Image distance metric learning based on neighborhood sets for automatic image annotation☆
Graphical abstract
Introduction
In the past decade, with the rapid development of Internet and the popularization of digital cameras and mobile phones, more and more digital images are hosted and shared on online image sites. Systems managing and analyzing images on image sites heavily depend on textual annotations of images. Many existing image search engines rely on associated text in the web page such as Yahoo!, Google and so on. Automatic image annotation (AIA) has become a challenging task for users quickly and efficiently to retrieval the interest image resources.
As an important part of image retrieval, the accuracy of annotated image semantic directly affects the performance of image retrieval system.

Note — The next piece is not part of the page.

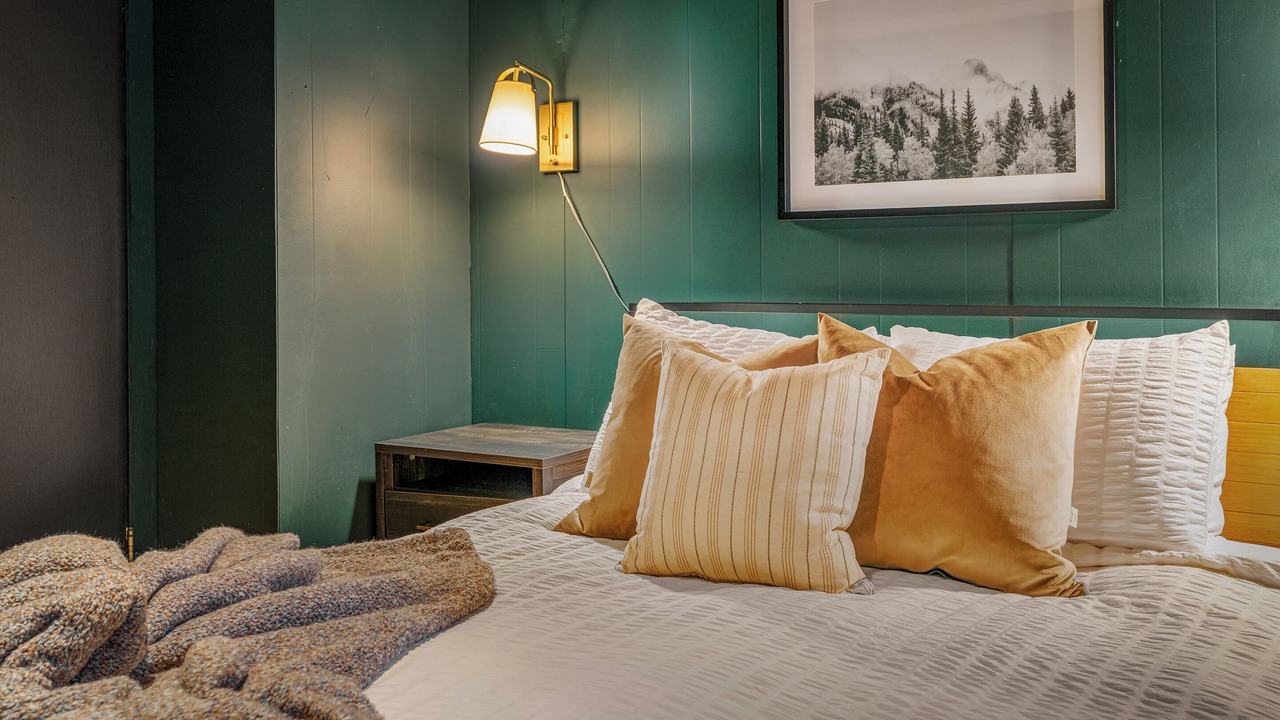 Photo of Others in Packwood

In the past two decades, there have been three main image retrieval technologies [1]: text-based image retrieval (TBIR), content-based image retrieval (CBIR) [2] and semantic-based image retrieval (SBIR) [3]. For TBIR, the images are generally annotated manually, however, due to the cost of manual annotation is so high that it is difficult to realize image retrieval for large image databases. The manual annotation will not only limit the number of retrieved images, but also the efficiency of the retrieval system is low. For CBIR, it computes relevance only based on the similarity of low-level visual features such as colors, textures and shapes [4], [5]. In fact, people prefer retrieving images according to high-level semantic content. However, there is a gap between low-level visual features and high-level semantic contents, therefore the performances of many existing content-based image annotation algorithms were not so satisfactory [6], [7], [8].
Due to there exists difficulties in the TBIR and CBIR, SBIR has been focused. For SBIR, the images with semantic labels can then be retrieved accordance to the labels similarity using TBIR. AIA approach aims to automatically generate labels to describe the content of a given image. Currently, the most common AIA approaches have two types [9], [10], i.e., classification-based and probabilistic modeling-based approaches.

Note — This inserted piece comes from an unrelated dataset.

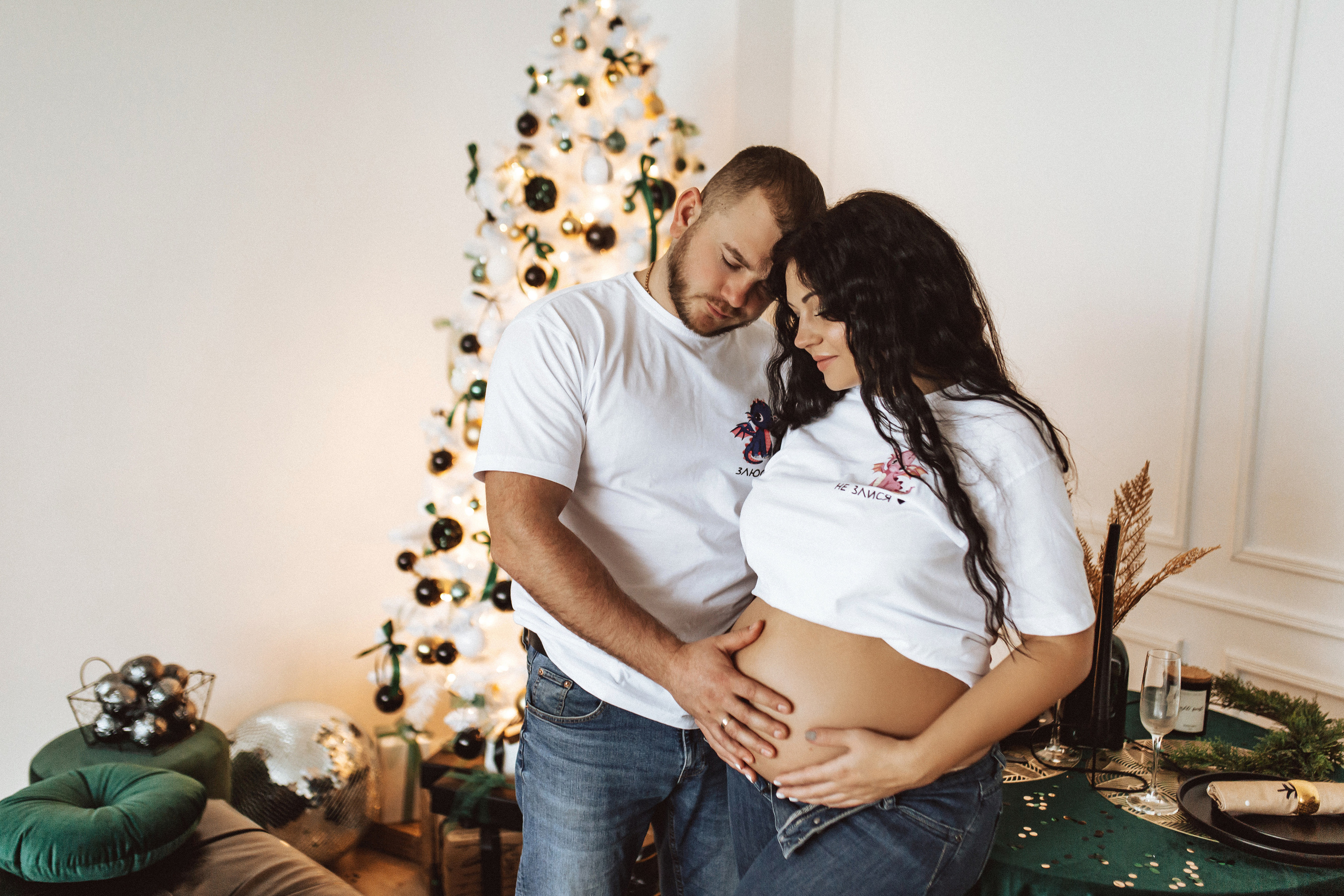 Фотосессия беременности в студии white hall. Фотограф в Смоленске Ольга Давыдова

In first type, AIA can be viewed as a classification problem [11], which can be solved by a classifier. For annotating an image without caption, first, represent image into a low-level visual features vector. Then, classify the image into some categories. Finally, propagate the semantic of the corresponding category to given image. So, the unlabeled image may be automatically annotated.

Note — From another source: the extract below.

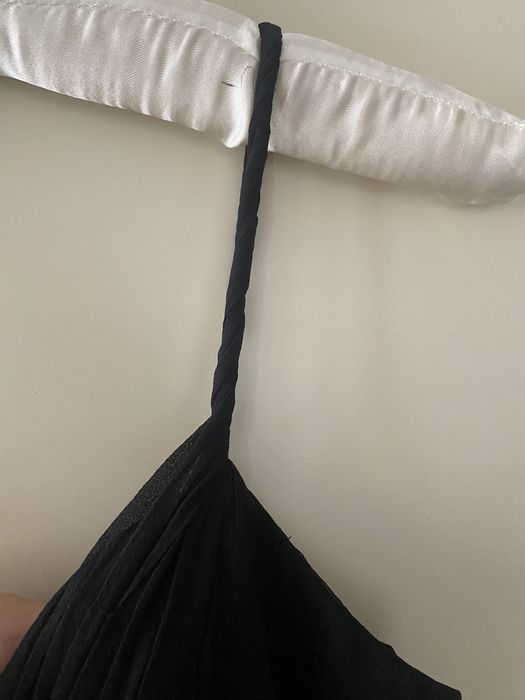 Черна рокля от шифон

In second type, probabilistic model [12] attempts to infer the joint probabilities between images and semantic concepts. Images given class can be regarded as instances of stochastic process that characterizes the class. Then, statistical models, such as Markov, Gaussian, and Bayes and so on, are trained and images are classified based on probability computation.
Although these two types are the most common annotation approaches, there are still some disadvantages. For example, classification-based annotation approach heavily relies on visual similarity for judging semantic similarity. In fact, it is well-known that semantic similarity does not equal to visual similarity [13], [14]. In addition, in many papers, the distance between the images is measured according to some traditional methods, e.g., Euclidean distance, Mahalanobis distance, Hamming distance, Cosine distance, Histogram distance and so on [15], [16]. Although these traditional distances are simple and convenient, it cannot accurately measure the similarity between two images in many cases.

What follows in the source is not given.